I took a stand, established some boundaries of behavior and stated rationally, if sternly, my side of things to her through email, always reminding her I love her unconditionally and will work through anything with her. The ice started to thaw just a little bit. 

I will admit I was a pig through the summer, prior to those 20 days. I went to work, came home, and played video games, and flirted with anonymous women online, constantly ignored her attempts to have any kind of meaningful interaction with me, or even just to hang out with me. I was affectionate and friendly, I was just neglecting her. On top of that I was complaining about her not picking up my laundry and washing it for me, not having a lunch made for me when I got to work etc.

I am 38, she is 29. We have 4 kids under 5 years old. 

When the ice started to thaw something happened that I thought was a stroke of luck (it kind of was). She has an online friend that is around 50 years old, a marriage councilor whos wife had died last year. They had been friends for a few years now. She sent me an email saying I am lucky he is her friend, because he was encouraging her/giving her reasons to stick it out with me. 

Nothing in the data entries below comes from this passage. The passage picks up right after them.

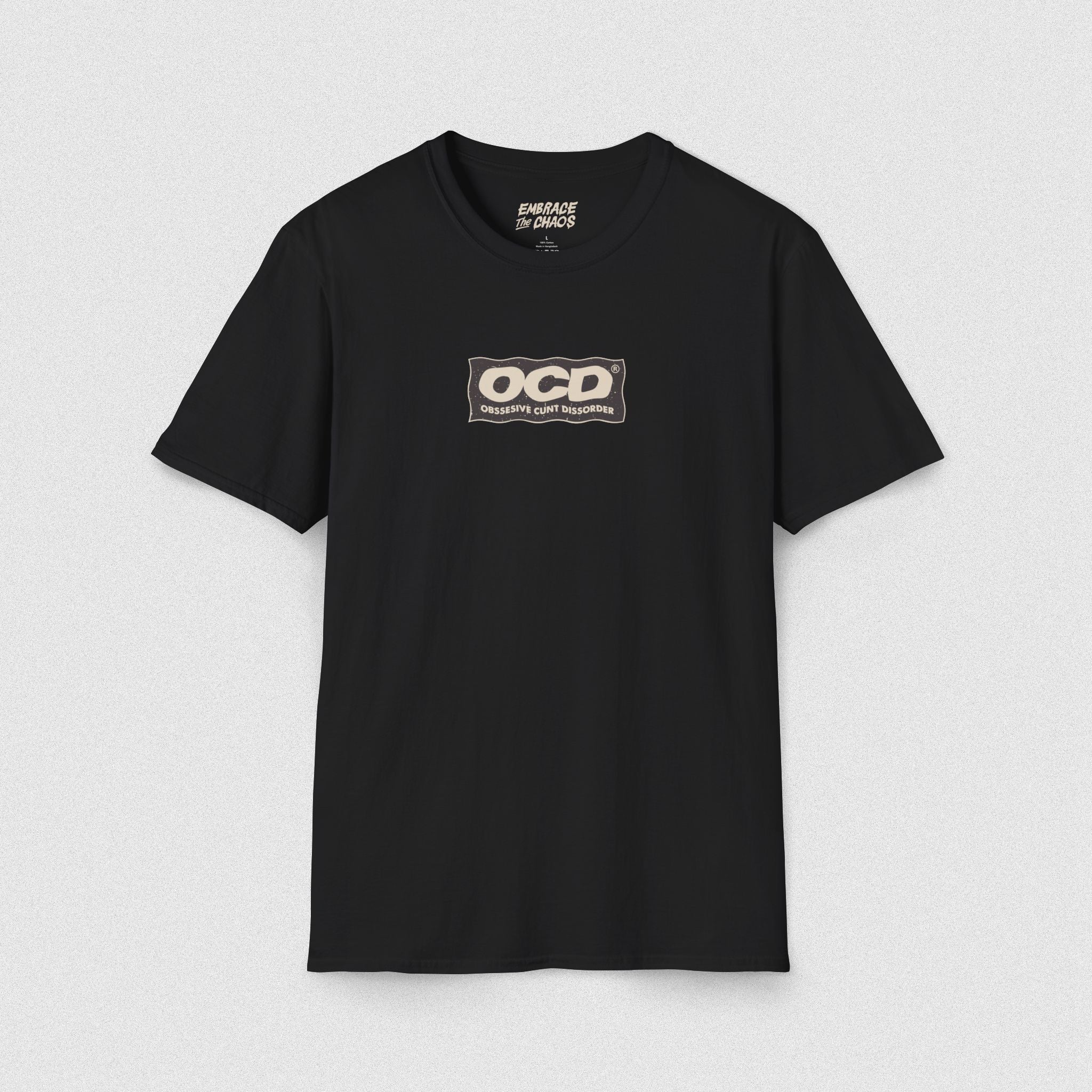 OSESSIVE C*NT DISSORDER TEE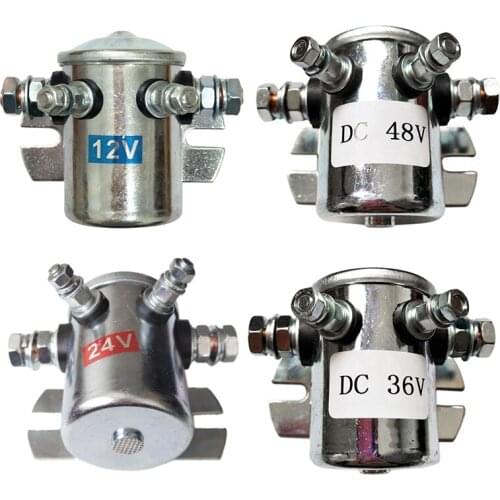 200 Amp Heavy Duty High Current Power Performance Dual Battery Isolator Relay Us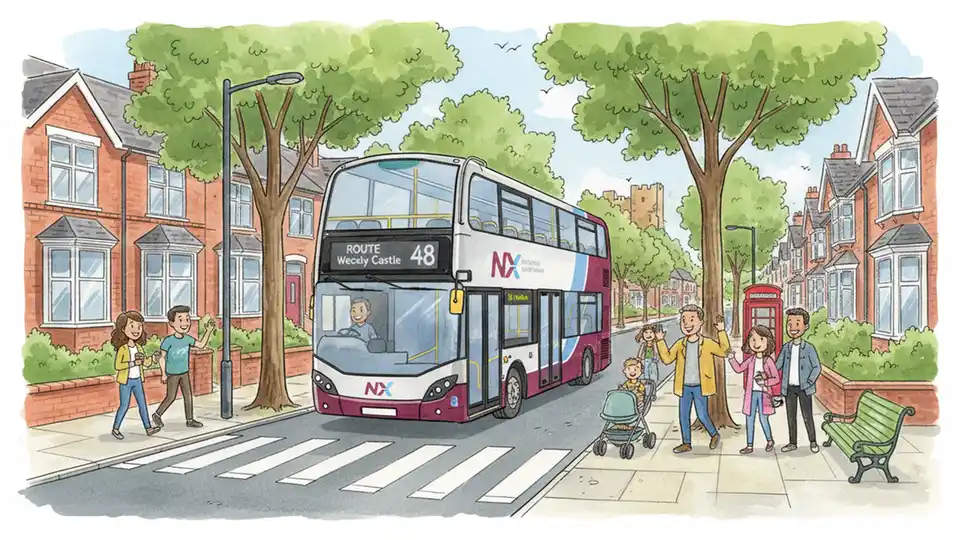 West Midlands Coordinates Route Diversions for Repairs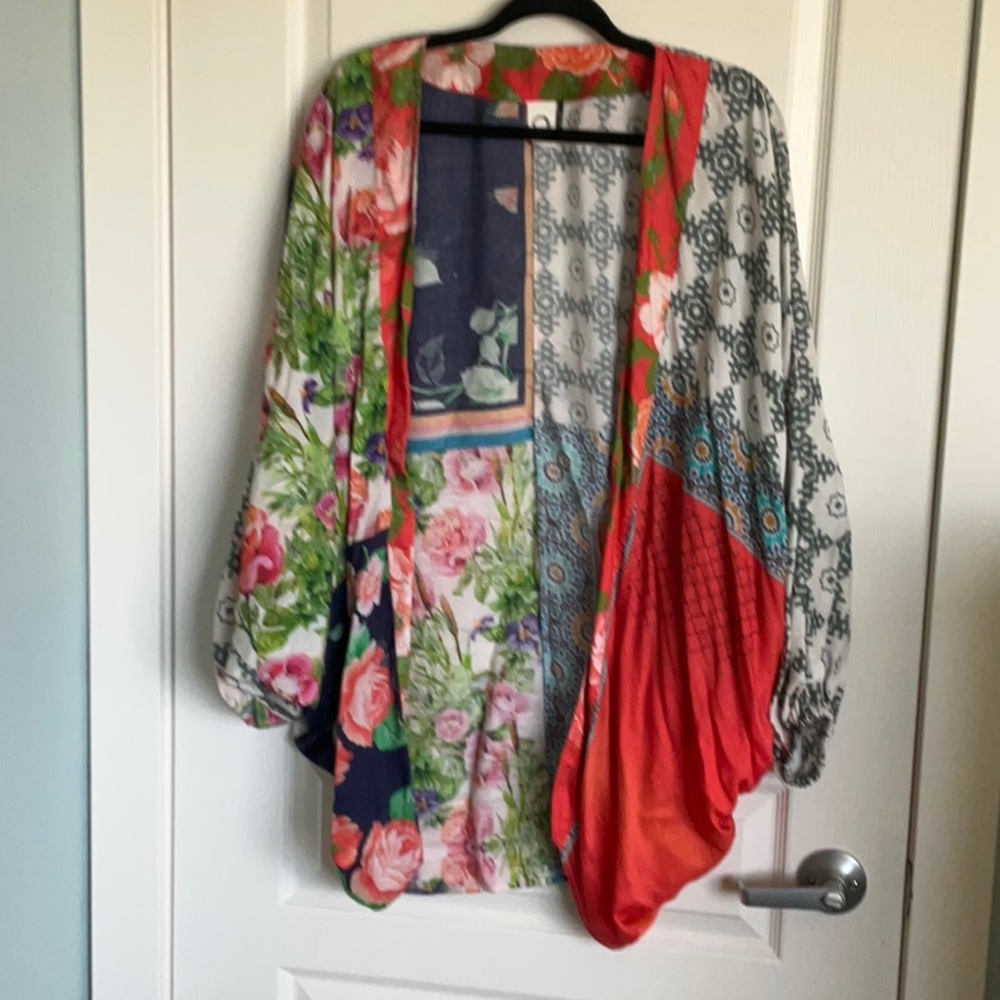 Anthropologie Kimono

Well that night the three of us had a 5 hour chat/session together in which a consensual and structured method of trying to work on things was hammered out and agreed on. Note- that 20 day period of no attention to me caused me to turn my act around about 80%, making major contributions to cleaning the house, cleaning up after myself, not complaining about anything, and trying to spend as much time with her as possible and giving up playing any video games.

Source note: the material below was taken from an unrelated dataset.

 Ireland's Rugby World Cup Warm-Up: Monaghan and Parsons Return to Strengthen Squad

After that the floodgates of affection and sex opened up and she was super super cool to me in a way that I know is genuine. I felt some of this to be guilt related because she always goes over the to do nice things for me when she feels guilty about something. 

One day she leaves her laptop open and goes to the store. I wanted to check my email (which is on yahoo), and I click on yahoo and low and behold its her account already signed in. Now I already have all her passwords and stuff (we gave these to each other years ago) so if I ever wanted to really snoop I could. But at that moment I was curious so I went through her sent messages. 

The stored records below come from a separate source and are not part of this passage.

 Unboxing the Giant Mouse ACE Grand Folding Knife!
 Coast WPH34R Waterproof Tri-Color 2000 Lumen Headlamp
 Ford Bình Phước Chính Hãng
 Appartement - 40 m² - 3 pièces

Oh boy! Everything seemed normal and right until I found one email to this guy- the old friend marriage councilor guy- describing how she feels about him, how she thought about laying her head in his chest, what his scent and warmth must be like, how that they spend so much time together and share so much together that he feels like a mate to her, and how she feels all warm and tingly when she imagines standing beside him holding his hand. Also in the email she said (to him) "I know you feel this isn't right and its not fair for me to think of us like this because it is not what I really want, but I can't help how I feel at this moment..." DOH!

She came home from the store and we had a talk. I felt deeply gouged by this. I had always told her that feelings are never wrong and I would never hold it against her if she had feelings for someone else as long as she told me about those feelings. She obviously had feelings about this guy and failed to tell me about them. We had a long talk, and I did most of the talking with her being quiet and sheepish and shedding a tear. She wrote me a full tablet page message (kind of angry) and I wrote an angry one back at her on the other side of the page. These messages were pretty much lists of what we had done wrong to each other. This was before work so I spent all day at work thinking about this. 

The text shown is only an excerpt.